The King’s Deception
Steve Berry is described on the back cover of this book as ‘the conspiracist’s conspiracist’. Indeed he is. The inside front cover lists 15 of his books, all of which to my knowledge are conspiracy novels. What fresh twists can Berry bring to the genre?
The twist in The King’s Deception is that the guardian of the dreadful secret is none other than the British government, acting through the agency of MI6 (or is it MI5, since the Home Secretary seems to be in charge?). The person trying to unmask the secret is a CIA agent, in the hope that the US government can use it to blackmail Britain into blocking the release of the Lockerbie bomber.
MI6 wins, with the help of another US agent who is working at cross-purposes with the CIA, but only after the head of MI6 is shot dead by one of his own agents. So the secret is saved, except that the surviving American agent tells it to his ex-wife, which forms the narrative of the book. Can you really have a conspiracy novel in which the Secret remains successfully hidden?
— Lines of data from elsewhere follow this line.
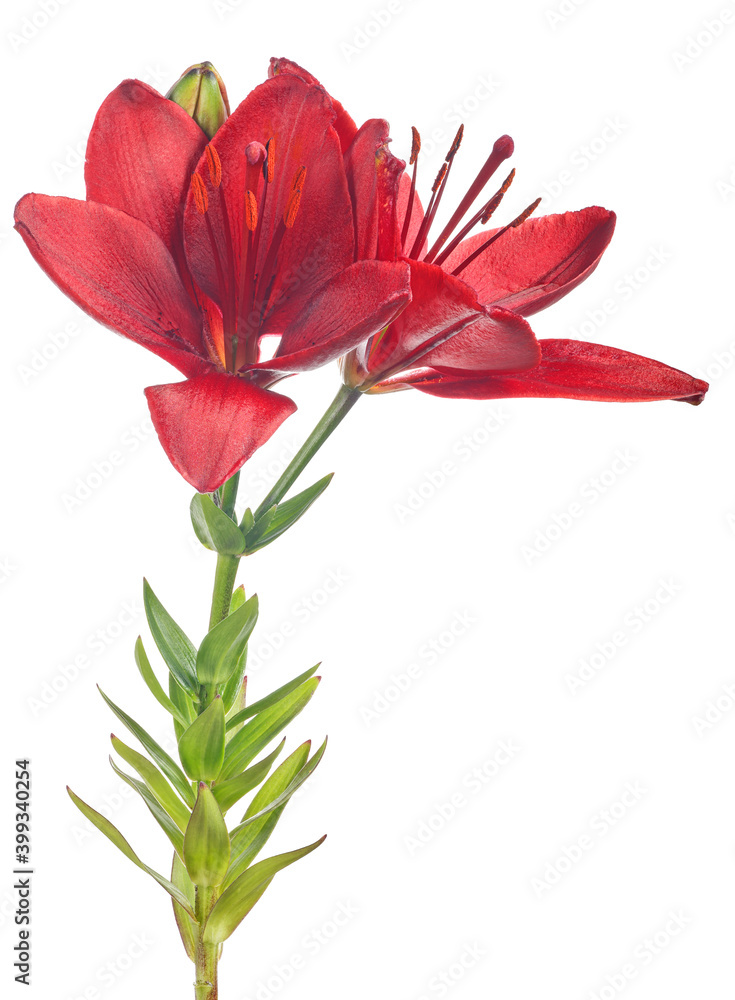 intense red two blooms lily on white intense red two blooms lily on white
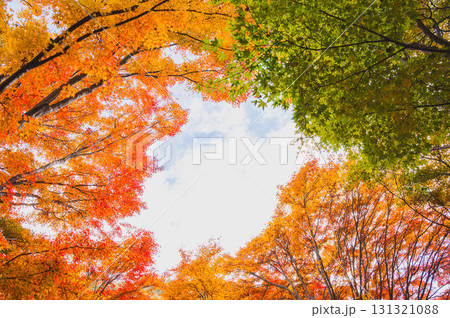 見上げた紅葉 もみじ湖 見上げた紅葉 もみじ湖 131321088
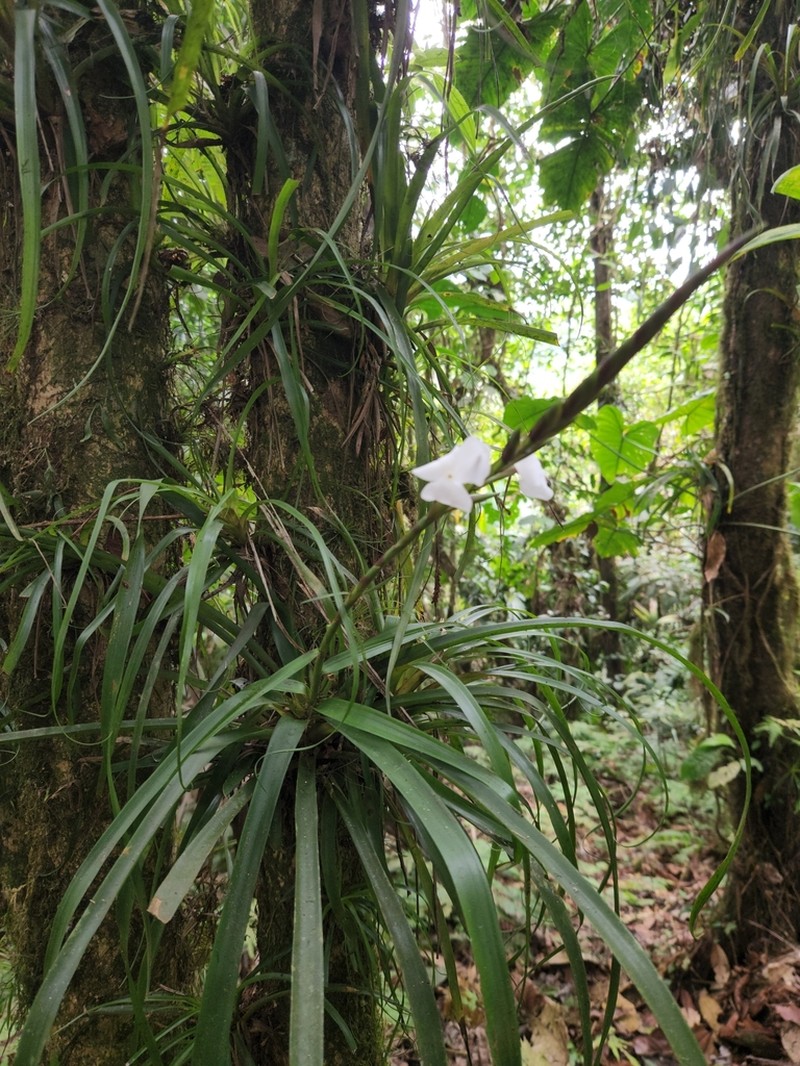 Lemeltonia scaligera photo 4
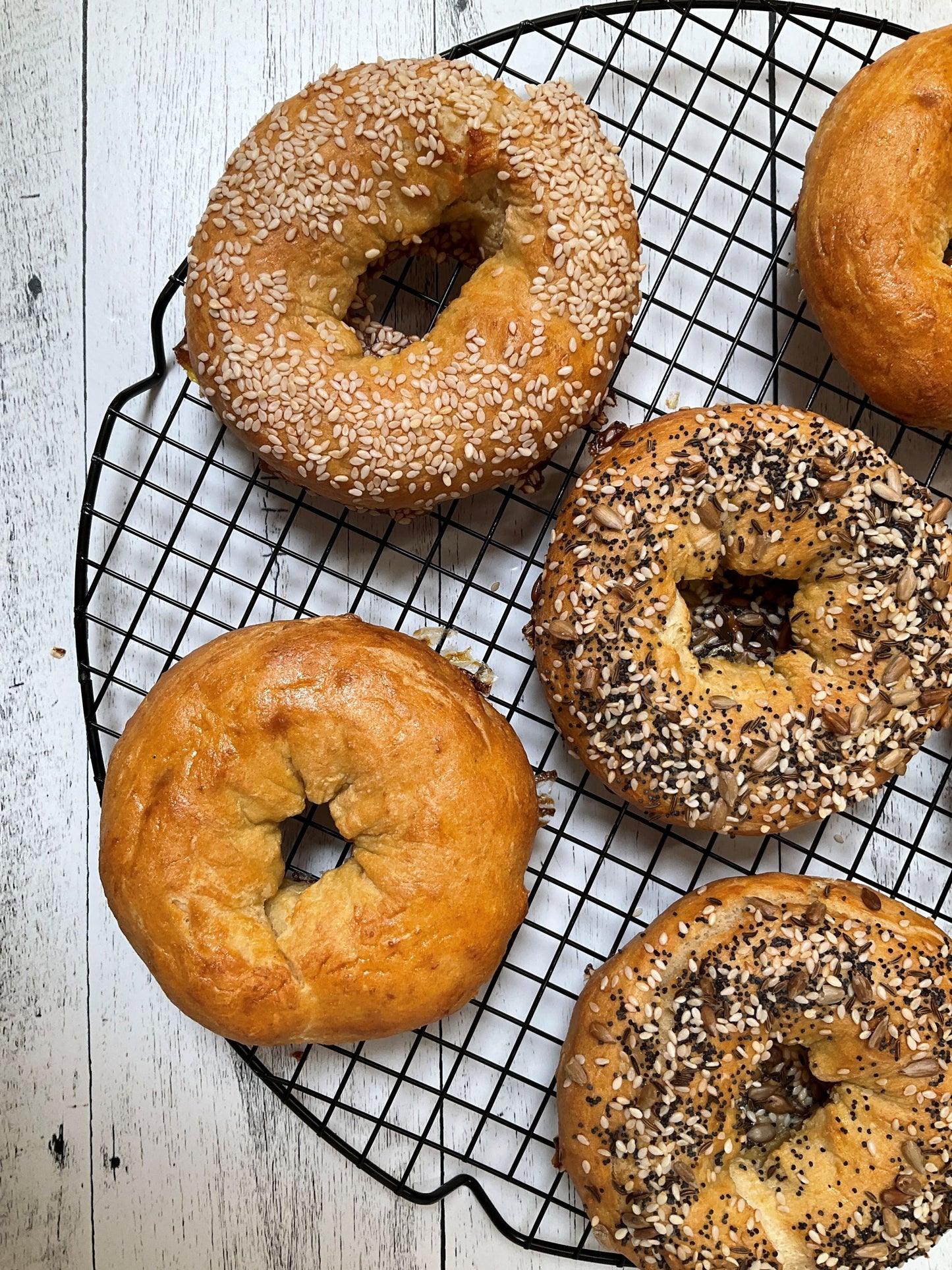 New & Improved Plain Bagels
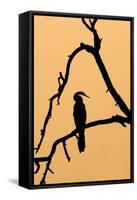 Indian Darter, Snakebird, Anhinga Silhouette-null-Framed Stretched Canvas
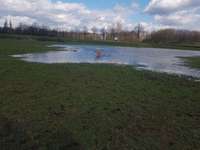 Hundeauslaufgebiet-Nordsternpark-Bild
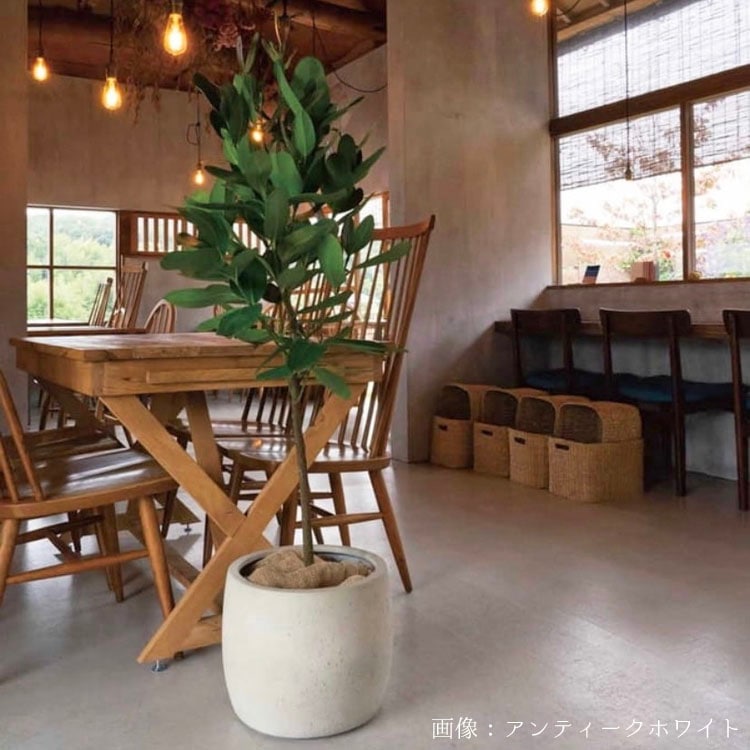 植木鉢 大型 軽量 FPR製 モードライト バレル ライトグレー / φ44cm×H36cm（15号）【送料F】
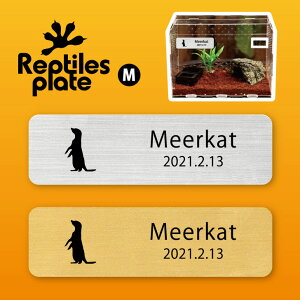 y BLACK FRIDAY P5{ z v^CY v[g MTCY y ~[ALbg zP[W  v^C{bNX p  D l[v[g p_E eE ANAE 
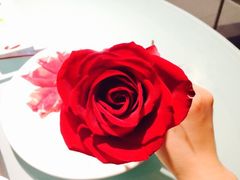 情人节玫瑰-海底捞火锅(海宁路店)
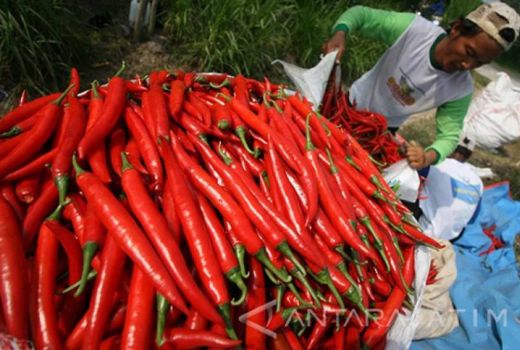 Harga Cabai di Pekanbaru Mahal, Warga Diminta Tanam Sendiri - GenPI.co RIAU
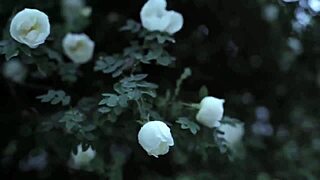 my college friend fucked me hard in a group setting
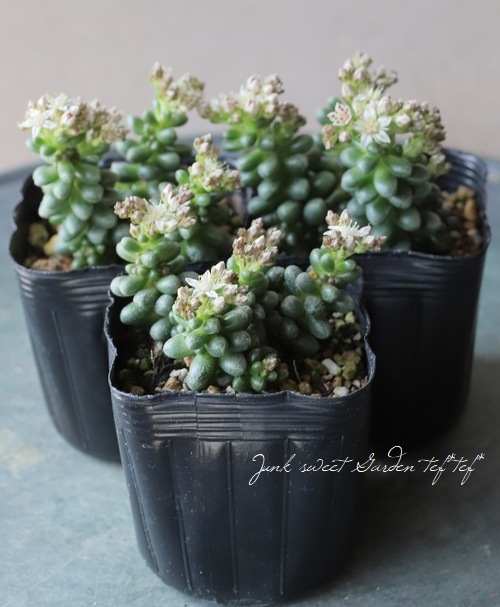 多肉植物】 『玉連 -ギョクレン-』 セダム属 | すべての商品 | | Junk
The action takes place entirely in England, and Berry claims to have visited all the locations, but please, Surrey is not in the Cotswolds. The snippets of historical background are also sometimes shaky – Ireland never achieved Home Rule in the 19th century. On a broader point, it seems unlikely that a 21st-century British government would be embarrassed by a Tudor scandal, however monumental. However, all Berry’s books are entertaining nonsense, written with immense verve. Read it as a thriller, rather than as history.